Nisa

Judi Menghancurkan Keluarga

Korban judi online terus berjatuhan. Masalah turunannya malah lebih mengerikan.  Keluarga pun terus dalam bayangan ancaman yang ditimbulkannya.

Aktivitas maksiat ini terus menyasar seluruh anggota keluarga, tidak mengecualikan anak-anak, yang semestinya tumbuh dalam suasana kondusif membina keimanannya serta menjaga mereka tetap dalam ketaatan sesuai dengan fitrahnya sebagai hamba Allah.  Antaranews melaporkan bahwa saat ini ada lebih dari setengah juta anak Indonesia yang bermain judi online, terdiri dari sekitar 80 ribu anak usia 10 tahun ke bawah dan sekitar 440 ribu anak usia 10-20 tahun.  Bagaimana masa depan mereka?

Waktu yang semestinya mereka gunakan untuk menimba ilmu, menempa diri menjadi pribadi mumpuni, habis sia-sia dalam permainan judi. Pengaruhnya pun sangat merusak. Mereka menjadi anti sosial dan kurang senang bergaul dengan teman. Bahkan dengan keluarganya pun sangat jarang berinteraksi. Mereka lebih betah dengan gadgetnya.  Boleh jadi perkembangan fisiknya pun terganggu karena minim bergerak, Kekalahan dalam permainan judi akan membuat mereka lebih sensitif dan temperamental.  Sebaliknya, pengalaman menang dalam judi bisa melahirkan sikap ingin mendapatkan keberhasilan dengan upaya minimal. Mereka pun malas untuk bersusah-susah dalam hidup.  Pada anak-anak sudah kecanduan, bisa memicu prilaku criminal. Seperti yang dilaporkan oleh www.humas .polri.go.id, pada bulan Februari 2024, seorang remaja mencuri toko dan uangnya digunakan untuk membeli slot judi.

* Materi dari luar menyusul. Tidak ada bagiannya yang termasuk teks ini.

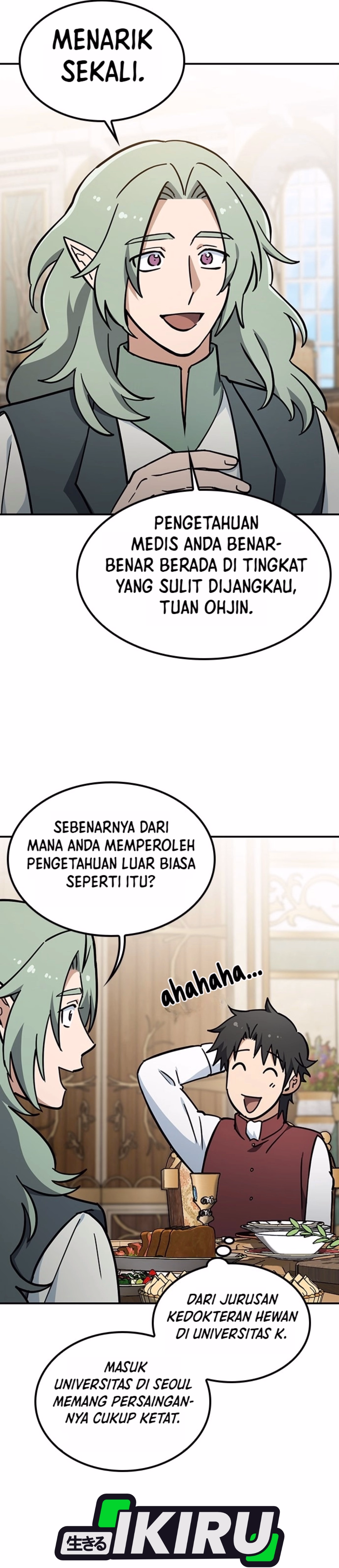 Kim Ohjin's Adventures with Strange Animals Chapter 57 - halaman 24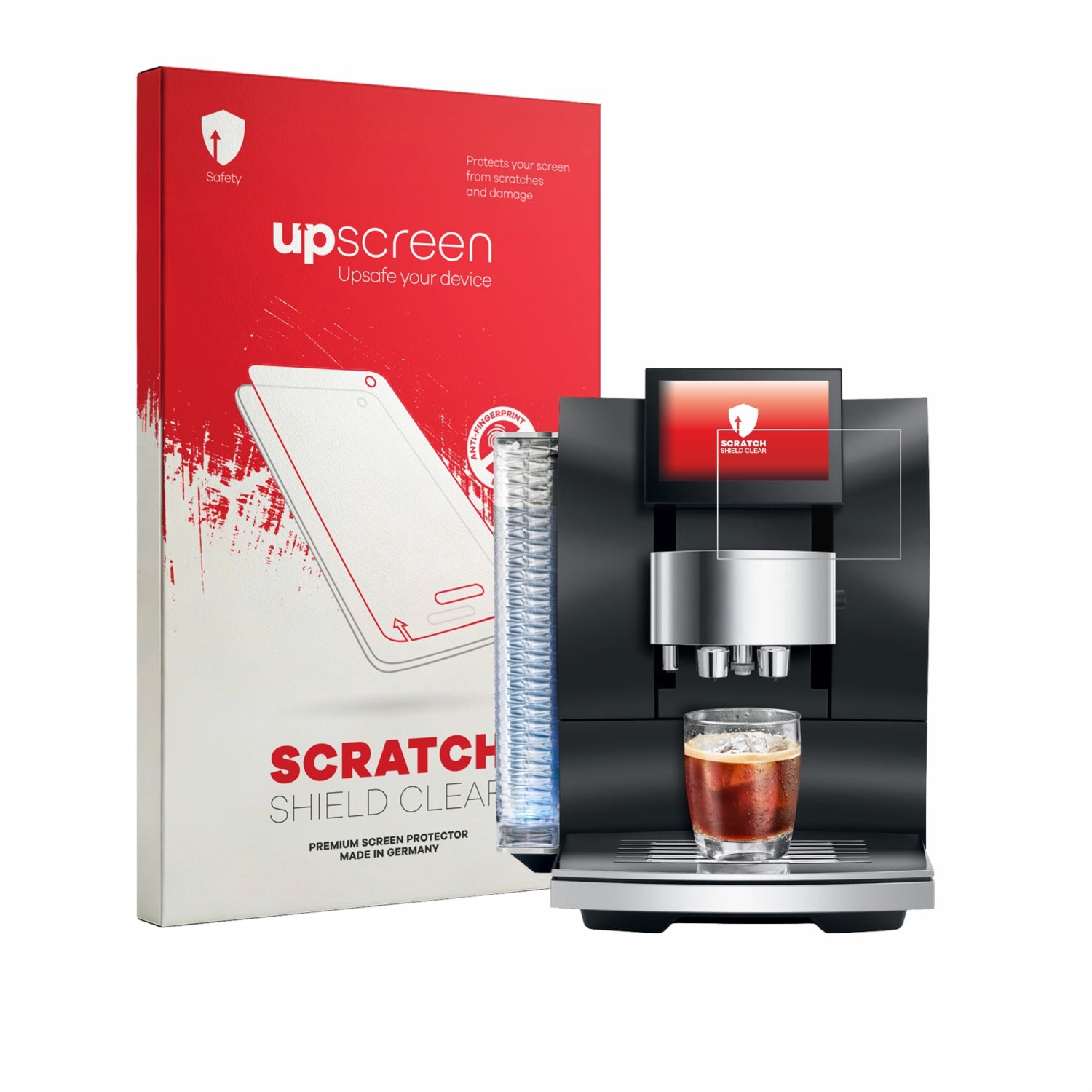 upscreen - Screenprotector voor Jura Z10 2026 - Folie Beschermfolie transparant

Dampak judi juga mengancam keutuhan keluarga, mulai terjadinya konflik antara suami dan istri, KDRT, sampai kasus perceraian yang terus meningkat. Katadata.co.id menyampai-kan bahwa berdasarkan data Badan Pusat Statistik (BPS), angka perceraian akibat judi di negeri ini  meningkat dalam lima tahun terakhir. Pada 2023, tercatat ada 1.572 kasus pasangan yang cerai karena alasan judi.

 

Mengapa Judi Online Terus Marak?

Keharaman judi mestinya sudah menjadi perkara yang gamblang bagi seorang Muslim. Banyak nas yang menjelaskan keharamannya. Lihat, misalnya, QS al-Maidah ayat 90-91.

Muncul pertanyaan: Mengapa perbuatan maksiat itu terus terjadi di negeri yang penduduknya mayoritas Muslim?  Apakah para pelaku judi ini tidak mengetahui bahaya dan kerusakan yang akan menimpa mereka jika terus melakukan judi?  Jawaban pertanyaan tersebut penting untuk merumuskan langkah apa yang harus dilakukan untuk menghentikan kerusakan yang ditimbulkan oleh judi online ini.

 

Pilar Penegak Syariah Lemah, Maksiat Merajalela

Maksiat adalah perbuatan melanggar aturan syariah. Lawan dari ketaatan.  Boleh jadi para pelakunya sudah mengetahui ketentuan yang sudah ditetapkan. Namun, mereka lebih memilih untuk melakukan yang bertentangan, yang diharamkan Allah SWT dilakukan. Sebaliknya, perkara wajib justru mereka tinggalkan.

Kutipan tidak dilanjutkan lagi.